Brief:
Please output exactly the part of the records below that opens with the line containing "Photo 32 of 28 Macpherson Drive, Paris ON" and closes with the line containing "Bonito Apartamento En", both lines included, and nothing else.

Entries shown:
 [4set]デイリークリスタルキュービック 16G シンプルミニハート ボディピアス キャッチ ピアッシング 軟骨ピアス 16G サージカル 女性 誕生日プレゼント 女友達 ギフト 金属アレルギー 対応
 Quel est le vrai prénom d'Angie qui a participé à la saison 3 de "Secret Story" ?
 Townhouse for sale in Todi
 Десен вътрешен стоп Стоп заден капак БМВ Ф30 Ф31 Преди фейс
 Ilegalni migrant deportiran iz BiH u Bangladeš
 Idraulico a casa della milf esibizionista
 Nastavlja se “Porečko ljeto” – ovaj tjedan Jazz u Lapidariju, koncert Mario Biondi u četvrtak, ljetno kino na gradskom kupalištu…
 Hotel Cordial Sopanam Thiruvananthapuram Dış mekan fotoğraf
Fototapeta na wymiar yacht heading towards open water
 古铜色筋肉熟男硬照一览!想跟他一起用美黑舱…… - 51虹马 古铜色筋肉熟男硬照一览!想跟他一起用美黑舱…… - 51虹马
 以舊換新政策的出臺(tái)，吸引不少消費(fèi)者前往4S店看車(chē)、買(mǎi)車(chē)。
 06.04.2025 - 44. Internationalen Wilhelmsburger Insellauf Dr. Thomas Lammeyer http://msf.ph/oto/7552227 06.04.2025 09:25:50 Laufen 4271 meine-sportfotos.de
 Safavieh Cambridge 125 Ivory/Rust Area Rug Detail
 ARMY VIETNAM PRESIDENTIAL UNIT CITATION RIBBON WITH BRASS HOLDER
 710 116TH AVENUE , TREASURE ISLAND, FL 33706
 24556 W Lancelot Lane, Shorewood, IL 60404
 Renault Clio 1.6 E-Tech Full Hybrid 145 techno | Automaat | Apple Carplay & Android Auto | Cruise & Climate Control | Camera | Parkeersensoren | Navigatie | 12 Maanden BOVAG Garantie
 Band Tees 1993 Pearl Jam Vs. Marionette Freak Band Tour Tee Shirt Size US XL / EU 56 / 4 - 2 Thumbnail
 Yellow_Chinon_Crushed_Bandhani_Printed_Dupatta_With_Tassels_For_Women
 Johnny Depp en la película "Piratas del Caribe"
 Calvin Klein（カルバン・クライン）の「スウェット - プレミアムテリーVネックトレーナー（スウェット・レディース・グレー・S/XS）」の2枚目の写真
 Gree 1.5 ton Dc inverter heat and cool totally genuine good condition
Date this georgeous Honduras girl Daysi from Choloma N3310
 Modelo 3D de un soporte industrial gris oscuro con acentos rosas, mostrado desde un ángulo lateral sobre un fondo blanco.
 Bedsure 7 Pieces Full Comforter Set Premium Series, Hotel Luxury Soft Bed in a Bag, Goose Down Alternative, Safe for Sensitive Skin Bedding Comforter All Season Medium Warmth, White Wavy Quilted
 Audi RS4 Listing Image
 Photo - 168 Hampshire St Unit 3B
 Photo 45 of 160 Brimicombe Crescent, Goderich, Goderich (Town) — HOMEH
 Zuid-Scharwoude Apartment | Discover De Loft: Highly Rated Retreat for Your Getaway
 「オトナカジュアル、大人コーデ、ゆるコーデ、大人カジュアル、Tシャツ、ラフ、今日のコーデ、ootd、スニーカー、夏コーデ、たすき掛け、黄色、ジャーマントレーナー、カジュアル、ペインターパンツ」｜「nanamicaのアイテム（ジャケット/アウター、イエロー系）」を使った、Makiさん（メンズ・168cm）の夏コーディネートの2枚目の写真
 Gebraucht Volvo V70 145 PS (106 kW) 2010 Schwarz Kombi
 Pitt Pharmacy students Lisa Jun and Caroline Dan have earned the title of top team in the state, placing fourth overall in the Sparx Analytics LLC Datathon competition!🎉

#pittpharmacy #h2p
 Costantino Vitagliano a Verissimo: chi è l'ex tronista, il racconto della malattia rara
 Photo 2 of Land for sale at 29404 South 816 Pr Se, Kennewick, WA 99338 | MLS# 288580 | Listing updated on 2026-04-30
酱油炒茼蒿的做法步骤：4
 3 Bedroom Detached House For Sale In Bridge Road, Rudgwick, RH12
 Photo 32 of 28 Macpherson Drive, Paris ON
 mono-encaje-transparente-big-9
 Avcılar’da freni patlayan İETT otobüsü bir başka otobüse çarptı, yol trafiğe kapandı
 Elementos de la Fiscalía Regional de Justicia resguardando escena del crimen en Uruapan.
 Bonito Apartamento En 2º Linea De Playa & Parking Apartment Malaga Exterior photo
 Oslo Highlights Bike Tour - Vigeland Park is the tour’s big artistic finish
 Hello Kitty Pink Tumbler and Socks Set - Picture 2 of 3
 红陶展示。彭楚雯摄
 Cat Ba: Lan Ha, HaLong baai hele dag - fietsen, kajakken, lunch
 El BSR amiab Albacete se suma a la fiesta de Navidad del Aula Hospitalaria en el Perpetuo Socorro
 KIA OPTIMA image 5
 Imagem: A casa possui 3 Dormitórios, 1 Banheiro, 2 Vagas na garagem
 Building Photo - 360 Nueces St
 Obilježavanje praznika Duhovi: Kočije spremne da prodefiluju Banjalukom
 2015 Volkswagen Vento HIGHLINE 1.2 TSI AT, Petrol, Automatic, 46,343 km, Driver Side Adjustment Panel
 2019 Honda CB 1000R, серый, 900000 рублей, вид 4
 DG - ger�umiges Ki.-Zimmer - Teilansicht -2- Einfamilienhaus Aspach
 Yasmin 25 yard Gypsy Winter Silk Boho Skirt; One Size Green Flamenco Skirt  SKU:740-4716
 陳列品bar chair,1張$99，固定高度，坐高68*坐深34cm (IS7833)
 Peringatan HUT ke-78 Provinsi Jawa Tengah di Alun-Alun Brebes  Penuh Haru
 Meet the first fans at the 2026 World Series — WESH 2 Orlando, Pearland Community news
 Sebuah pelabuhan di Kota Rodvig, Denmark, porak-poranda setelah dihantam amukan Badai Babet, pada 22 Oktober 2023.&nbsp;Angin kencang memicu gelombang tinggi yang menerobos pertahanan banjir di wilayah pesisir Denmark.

Response box:
 Photo 32 of 28 Macpherson Drive, Paris ON
 mono-encaje-transparente-big-9
 Avcılar’da freni patlayan İETT otobüsü bir başka otobüse çarptı, yol trafiğe kapandı
 Elementos de la Fiscalía Regional de Justicia resguardando escena del crimen en Uruapan.
 Bonito Apartamento En 2º Linea De Playa & Parking Apartment Malaga Exterior photo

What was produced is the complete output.